Kendi başına acil ve travmatik bir sorun olan Kürt meselesinin sanat sahası içinde çözmeye çalışmaktan kaynaklanan bakışı/malzemeyi ayıklama çabası, meseleyi tekrardan hakkıyla işleyebilme amacına yöneliktir. Eğer bir sanatçı iş sahasının başındaki Kürtlükten ister gönüllü ister zorunlu bir şekilde kopamazsa ya da bunu kendisi için makul ve müsait yere konumlandırma imkânına sahip olmazsa her iki şeyi de hızlıca elinden kaçırma tehlikesiyle karşı karşıya kalır. Hasılı müzmin şikâyetlerimizin sebebinin büyük oranda sanatın bakışı ve enstrümanlarıyla bu meseleyi ele almak yerine bu meselenin bakış ve enstrümanlarıyla sanatı ele almaktan kaynaklandığı düşüncesindeyim.

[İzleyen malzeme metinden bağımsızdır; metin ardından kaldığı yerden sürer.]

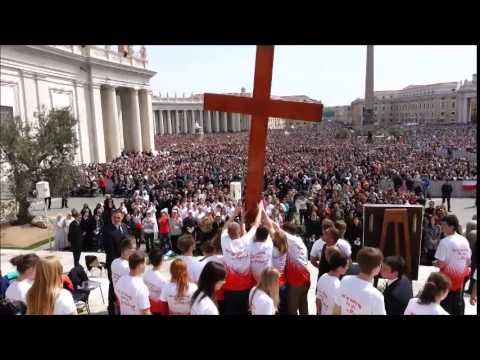 symboli - Przedstawiamy amatorskie nagranie momentu przekazania symboli ŚDM -- krzyża i ikony Matki Bożej w Niedzielę Palmową na placu Świętego Piotra w Rzymie. Młodzi...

Kürtçenin Yazar/Sanatçı Yaptığı Kişiler

Yıllar önce çeşitli edebiyat mahfillerinde Kürt edebiyatına dair sarf ettiğimiz bir iddiamız vardı ve bu iddianın hâlâ (benim açımdan) geçerliliğini koruduğuna inanmaktayım. “Bazı Kürt yazarlar Kürtçeyi yazı ve edebiyat dili yaptılar; bazı yazarları da Kürtçe yazar yaptı” (Burada ve metnin bütününde edebiyat baz alınarak söylenen yazar kelimesini en geniş anlamda tüm sanat dalları adına “sanatçı” olarak okuyabiliriz). İşin kötü tarafı, Kürtçenin (Kürt meselesi diye de okuyabiliriz) yazar yaptığı kişilerin sayısı, yazar olduğu için Kürtçe yazanlardan çok ama çok fazladır. Yazarlık ya da sanatsal üretimler, modern çağda şahsi ve ontik meseleler ve arayışlardan dolayı girmedi; aksine politik, vicdani bir mesele olarak Kürtlerin gündemine girdi.[12] Öyle ki ilk dönem Kürt aydınlarının (Başta Celadet Bedirxan olmak üzere Hawar ekolünün tamamı için geçerli bir belirleme bu) tümü aynı zamanda birer yazar olarak meydana çıkıp iş gördüler. Doksanlarda Kürt müzisyenlerin çoğu birer aydın, kanaat önderi, hatta parti sözcüsü olarak görüldü. Sanat ve politikanın bu kadar iç içe geçmesi, dahası sanatın politikanın bu kadar yedeğinde olması bir zamanlar bir yere kadar anlaşılır ve “normal” bir durumdu; lakin bu iki hattın birbirinden ayrılıp kendi formları ve kaynaklarıyla tanışıp daha sonra birbirlerine bakmalarının vakti çoktan gelmiştir. Bu kendine dönüş ve oradan dünyayı algılayış merhalesine geçilirse, belki o zaman sanat ve politika (en geniş anlamda tarih) birbirlerini kendi enstrümanlarıyla anlayıp anlamlandırma konusunda ilerleme kaydedecek ve sanat ortamımız normalleşip sağlıklı bir işleyişe kavuşacaktır.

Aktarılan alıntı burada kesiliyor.